Tootoo’s journey to become the first Inuk NHLer was a very unlikely one. Born in Churchill, Manitoba, in 1983, he spent his formative years in Rankin Inlet, Nunavut — a place he makes sure to get back to as often as he can.
“For a lot of these kids, in order to succeed in life when you grow up in an isolated community, sometimes you have to leave home knowing that home is always going to be home,” Tootoo explained. “It’s okay to leave to pursue your goals and your dreams. That’s part of the sacrifice.”
After playing AAA bantam in Alberta, he began his Wheat Kings career in 1999, and in 220 regular season games in Brandon, Tootoo tallied 93 goals, 116 assists and a whopping 874 penalty minutes.
“This is where my hockey career really took off,” Tootoo said. “Having the opportunity to be guided as a young hockey player by Kelly McCrimmon and the whole Wheat Kings organization, I have a lot of great memories.”
Tootoo chose Brandon as the location to announce his retirement from the NHL after 13 seasons, 161 points and 1,010 penalty minutes.
He hasn’t played a game since the 2017 playoffs with Chicago, but he felt now was the time to make it official.
“I’m at peace with myself.

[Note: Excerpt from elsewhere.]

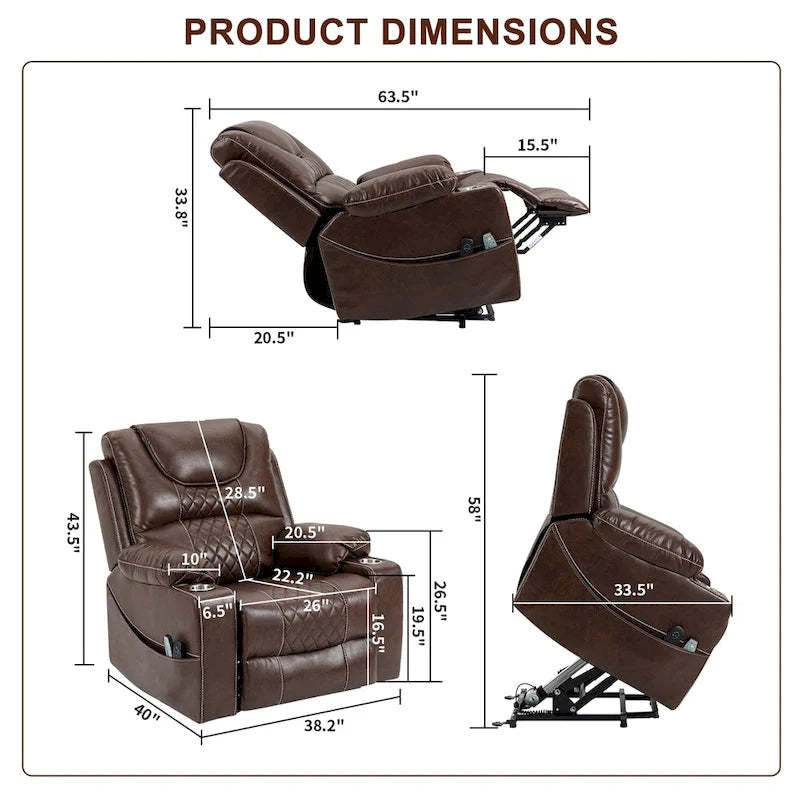 Poltrona Reclinabile Elettrica Extra Large con Massaggio e Riscaldamento, Portata 180 kg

As a kid, I never envisioned my career being this long. I didn’t envision myself being a role model for the Indigenous communities,” Tootoo said.
“My goal was to do whatever it took to make it to the NHL. Being the first Inuk to put on a National Hockey League jersey was a huge honour. Every time I get back to the Keystone Centre and smell the cow poop when you walk into the arena, it brings back a lot of great memories. It’s just come full circle.”
Tootoo’s journey to get to where he is today has been filled with obstacles. Alcoholism was an issue in his family, and it stayed with him into his time in the NHL until he voluntarily entered the league’s substance abuse program in 2010.
He now has two daughters, and considers being a strong model for them among his top priorities.
“I’ve been sober for almost eight years,” Tootoo said. “It’s about changing the cycle for my family. That’s how it starts, and it’s just one step at a time. It takes time, things don’t happen overnight. It’s a hard process, but that’s part of life.”
Tootoo established the Team Tootoo Foundation during his career to help raise awareness for suicide prevention. He spends time in many remote communities, holding hockey camps and trying to change the culture.
“It’s part of Canada that a lot of people struggle with mental health and addiction, suicide, these issues are a national epidemic. I feel that, at this point in my life, it’s my calling to give back to a lot of these remote communities.”